Nearly a year after it announced its bid to acquire 7-Eleven parent company Seven & i Holdings, Alimentation Couche-Tard withdrew its offer in July. The Canadian retailer, which operates the Circle K banner, said a lack of engagement from Seven & i was a major roadblock to the deal, which would’ve included over 80,000 7-Eleven c-stores globally.
To call the deal gargantuan would be an understatement. In the U.S. — where Circle K and 7-Eleven are the two largest c-store chains — Couche-Tard would’ve added over 9,300 c-stores on top of its existing 6,700.
At the height of their merger talks, the companies publicly revealed that they’d begun identifying over 2,000 overlapping locations they could divest — as well as pinpointing possible buyers — to avoid potential antitrust pitfalls. Although talks fizzled, the c-store industry spent months pondering where these overlapping stores were located and who those potential buyers might have been, especially in the U.S.

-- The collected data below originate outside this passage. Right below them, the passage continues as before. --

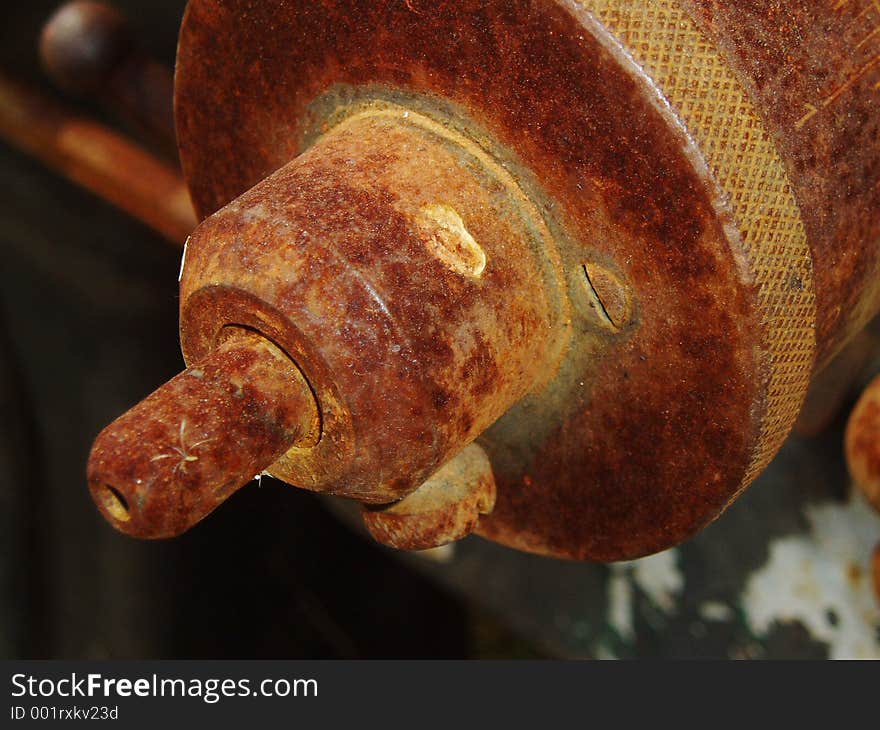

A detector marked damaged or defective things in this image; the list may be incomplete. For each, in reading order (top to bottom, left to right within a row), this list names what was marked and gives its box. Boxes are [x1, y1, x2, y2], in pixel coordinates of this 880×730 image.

rusty machinery [1, 0, 880, 568]
rusty rivet [576, 260, 632, 332]
rusty metal shaft [86, 328, 318, 536]
corroded metal surface [86, 328, 318, 536]
rusted metal cylinder [88, 328, 320, 536]
peeling paint [744, 492, 880, 656]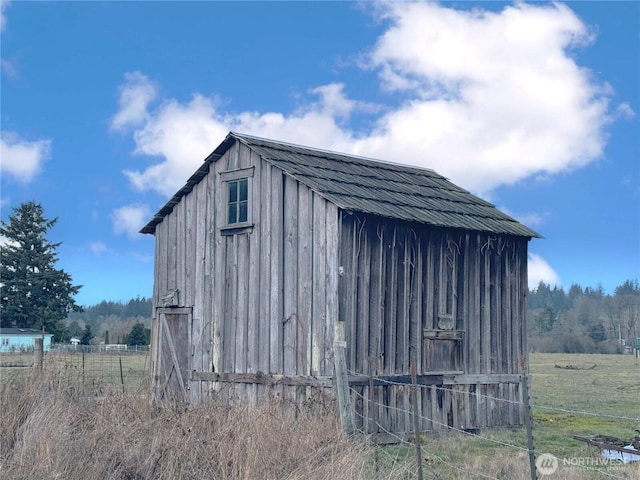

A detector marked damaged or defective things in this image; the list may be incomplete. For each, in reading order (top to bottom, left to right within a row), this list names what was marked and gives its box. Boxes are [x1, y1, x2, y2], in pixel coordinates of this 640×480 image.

rusted metal roofing [140, 132, 540, 237]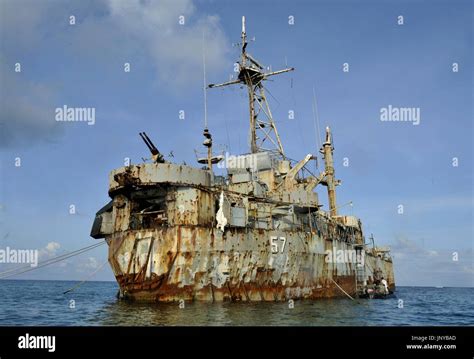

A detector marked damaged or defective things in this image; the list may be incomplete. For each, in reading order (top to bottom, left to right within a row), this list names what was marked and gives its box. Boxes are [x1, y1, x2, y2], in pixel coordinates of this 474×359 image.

rusted ship [90, 17, 394, 304]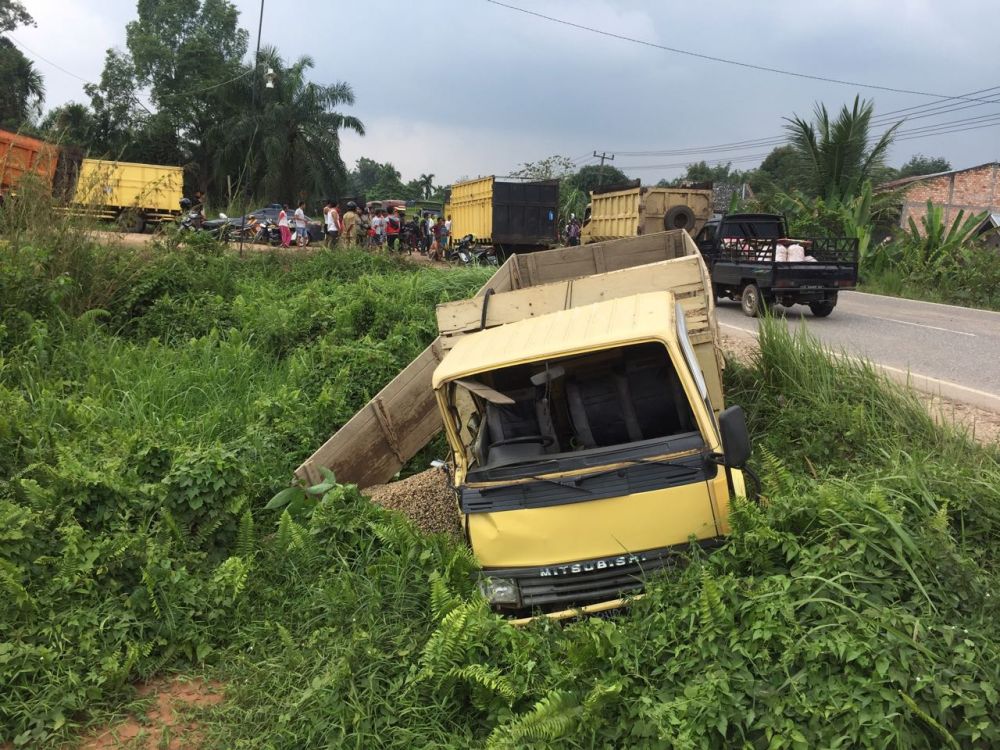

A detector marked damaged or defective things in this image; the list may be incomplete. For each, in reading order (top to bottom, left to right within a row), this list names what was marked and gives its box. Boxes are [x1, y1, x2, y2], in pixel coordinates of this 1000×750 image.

crashed truck cab [430, 290, 752, 620]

It’s unclear what criteria the companies used to determine if sites were overlapping, but it turns out there are far more than 2,000 sites that sit within close proximity of one another.
Specifically, there are 3,300 7-Eleven c-stores within a 5-minute driving radius of a Circle K across the U.S., according to mapping data by intelligence platform Locatium. Markets that see the most 5-minute driving overlap between the two retailers include South Florida, Central Texas and Southern California, as well as major cities such as Chicago, Atlanta, Phoenix and Denver, according to the dataset.

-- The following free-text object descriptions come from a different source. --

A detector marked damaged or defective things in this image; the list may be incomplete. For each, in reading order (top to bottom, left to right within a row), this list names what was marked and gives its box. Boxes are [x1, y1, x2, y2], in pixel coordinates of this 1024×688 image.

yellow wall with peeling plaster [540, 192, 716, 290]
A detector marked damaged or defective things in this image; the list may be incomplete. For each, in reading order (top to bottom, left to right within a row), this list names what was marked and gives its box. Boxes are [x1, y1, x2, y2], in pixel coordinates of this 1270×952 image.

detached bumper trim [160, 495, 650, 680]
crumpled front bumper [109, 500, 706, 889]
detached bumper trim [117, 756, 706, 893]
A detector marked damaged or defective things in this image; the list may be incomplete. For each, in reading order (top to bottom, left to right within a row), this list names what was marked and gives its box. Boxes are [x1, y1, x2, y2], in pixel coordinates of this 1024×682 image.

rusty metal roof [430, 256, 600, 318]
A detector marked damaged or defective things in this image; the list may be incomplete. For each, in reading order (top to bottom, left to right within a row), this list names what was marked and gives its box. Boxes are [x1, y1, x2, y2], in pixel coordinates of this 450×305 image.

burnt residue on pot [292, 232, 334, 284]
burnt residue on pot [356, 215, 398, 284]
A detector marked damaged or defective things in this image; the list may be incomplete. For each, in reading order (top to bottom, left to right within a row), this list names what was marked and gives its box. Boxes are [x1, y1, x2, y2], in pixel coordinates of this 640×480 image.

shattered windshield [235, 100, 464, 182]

Locatium’s dataset combines U.S. roads and highways with isochrone mapping, which analyzes whether certain areas can be reached within a given time or distance. In this case, the isochrones calculate drive times between store locations and identify potential overlap or competitive tension between 7-Eleven and Circle K sites.
The dataset highlights stores that could have become part of the same network had the merger gone through, Fernando Carrasco, CEO and co-founder at Locatium.AI, said in an interview. It also represents locations that could have been sold off or relocated due to regulatory contractions, he added.
Although it’s only speculative for now, the data nonetheless paints a picture of how certain markets could have been impacted had the merger gone through. It also underscores just how closely the country’s two largest c-store chains compete in key markets.
For example, about 600 of the 1,100 c-stores 7-Eleven has in the stretch of California between Los Angeles, Palm Springs and San Diego are within a 5-minute drive of a Circle K, according to the dataset. And of the roughly 500 c-stores 7-Eleven has in Dallas — the retailer’s North American headquarters and one of its largest markets in the U.S. — about 260 of them are within a 5-minute drive of a Circle K, according to the dataset.

Despite the clarity of the dataset, Carrasco emphasized that it’s a “first-cut model,” focusing only on drive-time proximity, meaning that while it’s useful for preliminary insight, it shouldn’t be the only source used for strategic decisions.
To get a full picture when assessing competition and cannibalization efforts, c-store retailers should use “a wide range of variables beyond distance, such as location attractiveness, fuel pricing, in-store offerings, traffic patterns and brand strength,” he said.